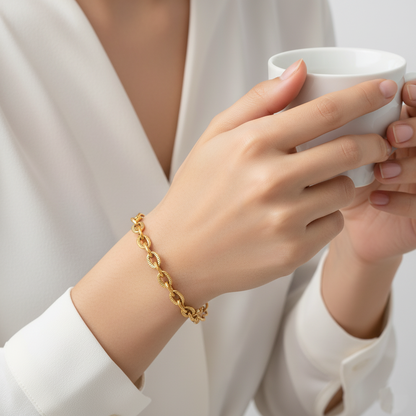 Textured Classic Gold Bracelet | Italian Gold Plated SACH JEWELS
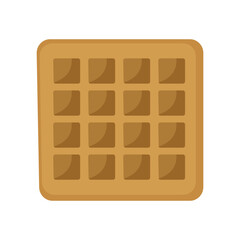 Cartoon style square Belgian waffle icon.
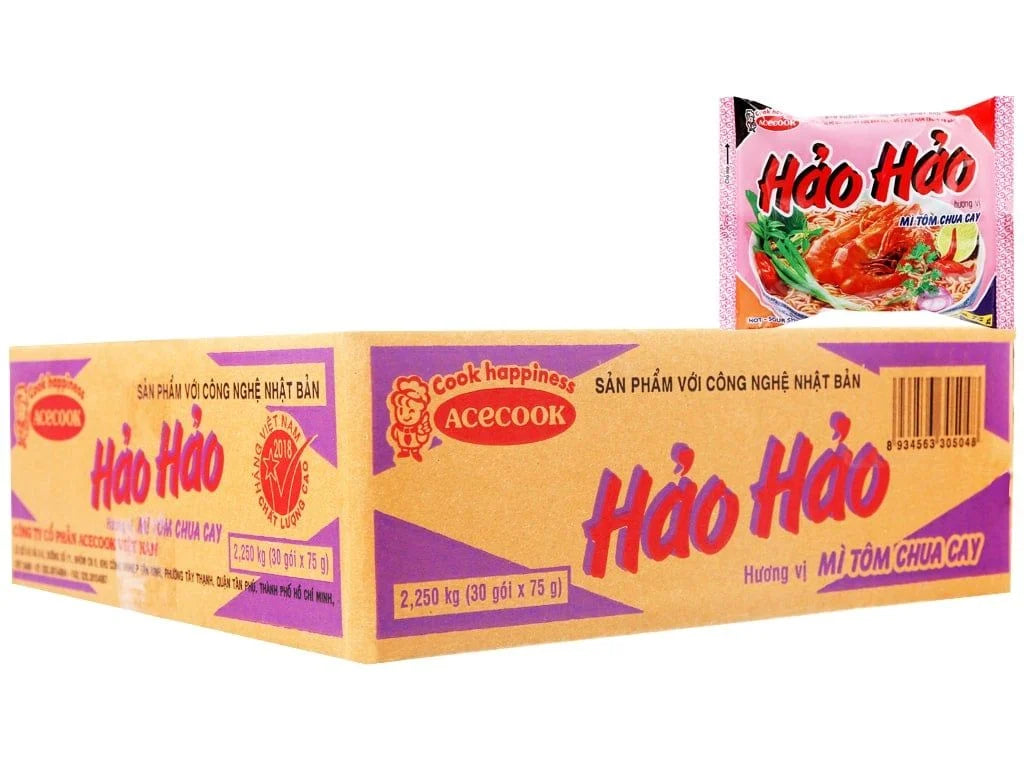 Box Of 30 Packs Acecook Hao Hao Mi Tom Chua Cay 75gx30 Thung 30 Goi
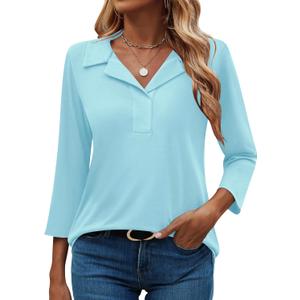 LUYAA Womens Polo Shirts 3/4 Length Sleeve Tops Collar V Neck Business Casual Blouses (Medium, Light Blue)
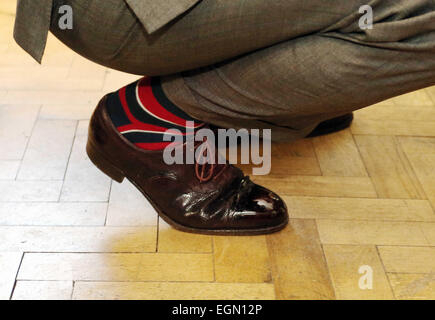 Ammanford, Carmarthenshire, Wales, UK. 27th February, 2015. HRH Prince Charles has visited the new extenison of the Corgi Hosiery factory in Ammanford, Carmarthenshire, Wales, UK.   Pictured: The Royal Dragoon Guards socks, worn by Prince Charles during his visit  Credit:  D Legakis/Alamy Live News Stock Photo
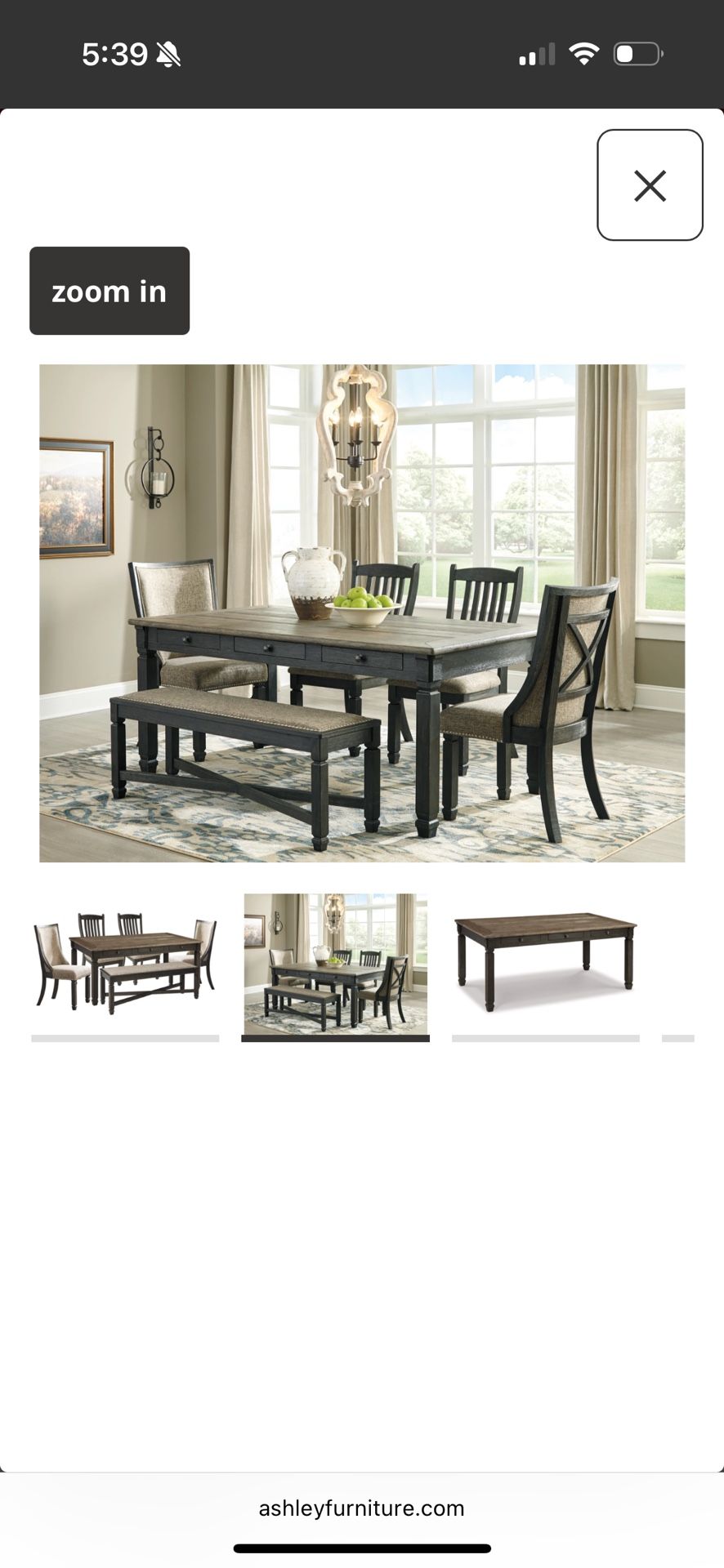 Ashley Furniture Tyler Creek Dining Table and 4 Chairs and Bench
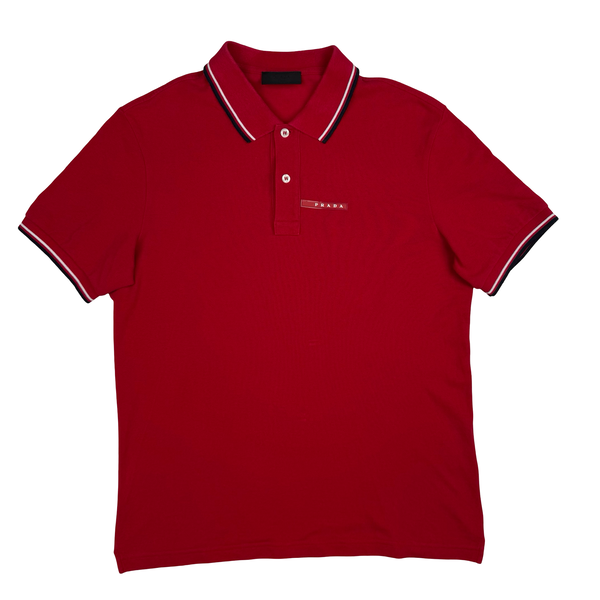 Prada Red Cotton Polo Shirt - Large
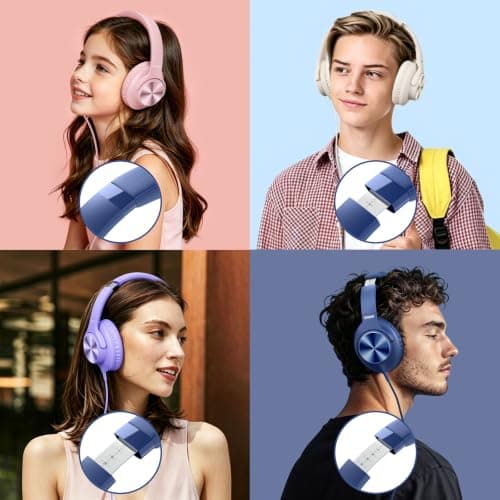 Wired Headphones with Mic, Over-Ear 3.5mm Corded Headphone for School Blue — view 6
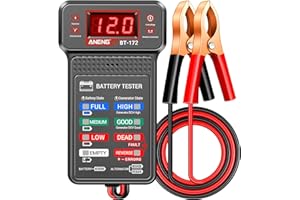 ANENG Car Battery Tester,12V Digital Automotive Batteries Tester,Alternator Charging Analyzer,Voltmeter with LCD Display and LED Indication, Voltage Indicator for Car Truck Motorcycle Electrical Tools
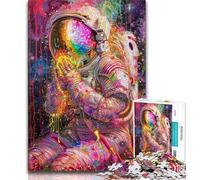 Astronaut Praying Jigsaw Puzzles for Adults,Help The Brain Exercise Addictive Toys to Cultivate Patience Parent-child Interaction 38x26cm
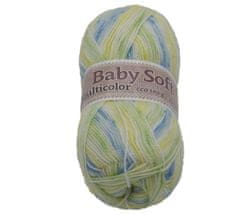 Bellatex Příze BABY SOFT multicolor - 100g / 360 m - bílá, žlutá, modrá, zelená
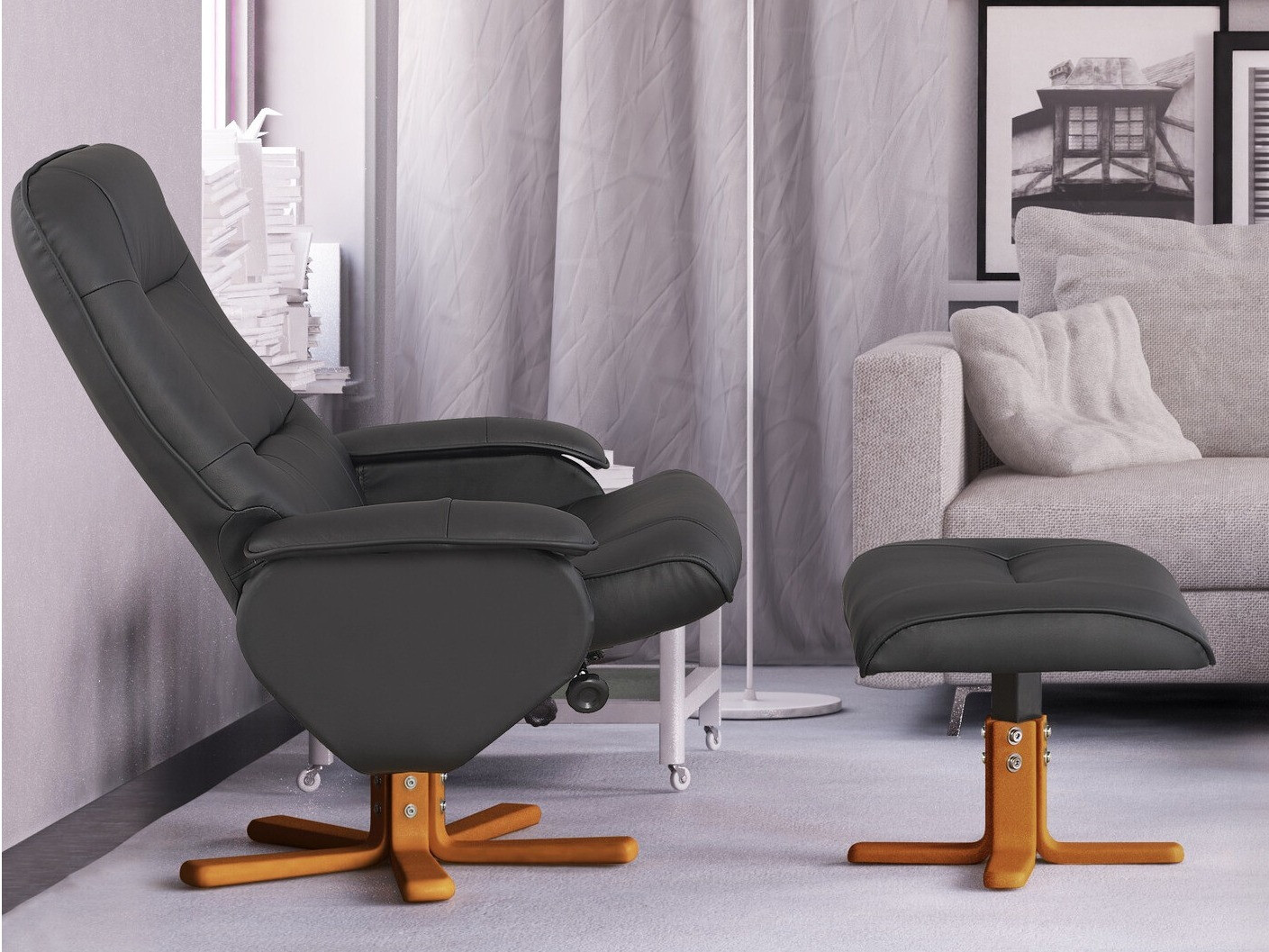 Nojatuoli Denton 293 (Musta + Vaalea puu)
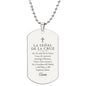 Por la Señal de la Santa Cruz Collar Placa Militar, Oración Católica Grabada en Español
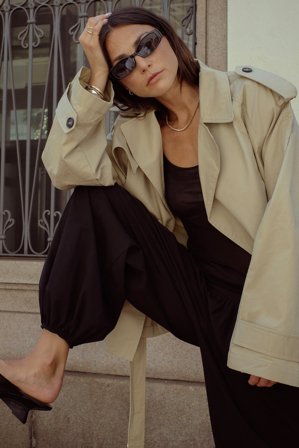 Cecilie Haugaard x NA-KD Pantalon ballon à taille mi-haute - Pantalons fluides évasés - Noir - EU 38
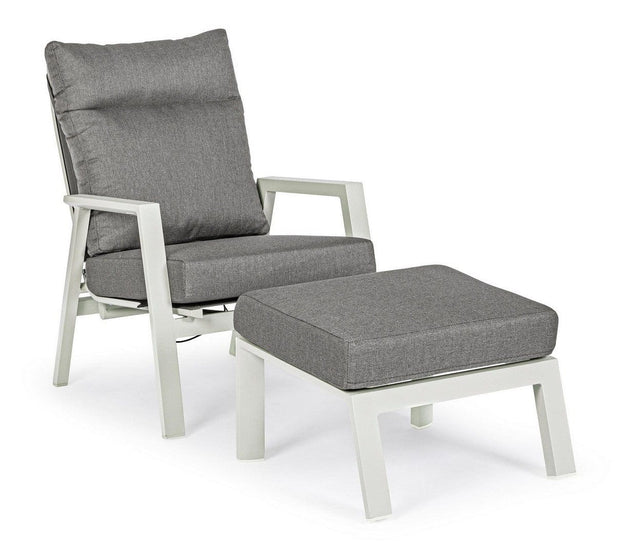 Taburet pentru terasa / gradina, din aluminiu si material textil, Kledi Gri, l60xA59xH43 cm (1)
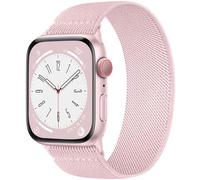 CeMiKa Compatible with Apple Watch Straps 38mm 40mm 41mm 42mm Women Men, Braided Nylon Stretchy Elastic Sport Solo Loop Replacement Band for iWatch Series 10 9 8 7 SE 6 5 4 3 Ultra 2 1,L-SandPink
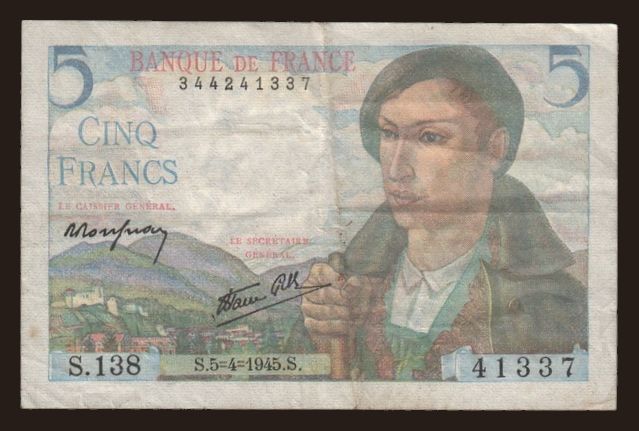 5 francs, 1945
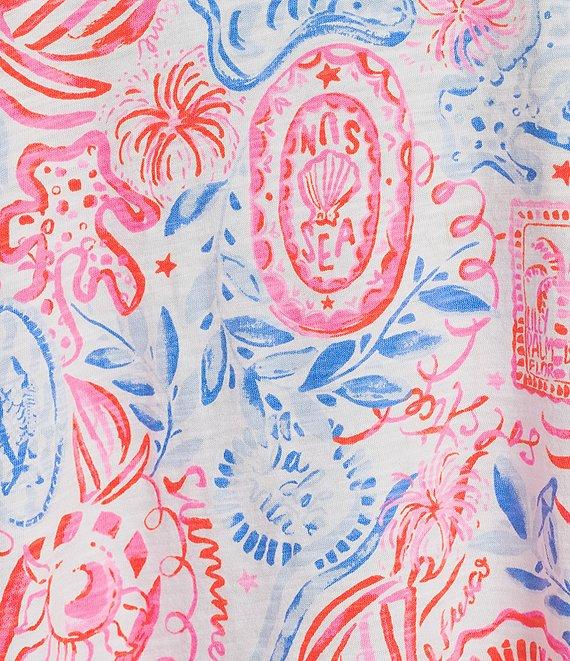 Lilly Pulitzer Etta Lil Sun Sea Sand Floral Print Scoop Neck Short Sleeve Top Product Image
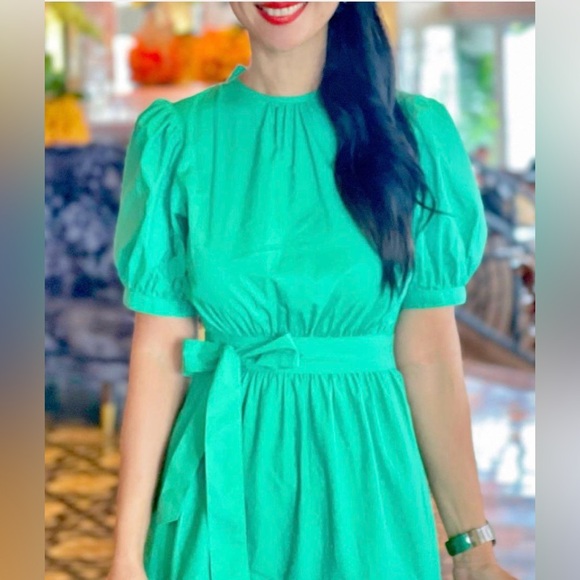 Influence Open Back Tiered Midi Dress Green Puff Sleeve Plus Sz 22 Cruise Vacay - Picture 5 of 14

---------------

What is being asked: What you write out is the stretch of entries from the line containing "Box Of 30 Packs" to the line containing "LUYAA Womens Polo", word for word, with both end lines and no pictures.

Exercise response:
 Box Of 30 Packs Acecook Hao Hao Mi Tom Chua Cay 75gx30 Thung 30 Goi
 LUYAA Womens Polo Shirts 3/4 Length Sleeve Tops Collar V Neck Business Casual Blouses (Medium, Light Blue)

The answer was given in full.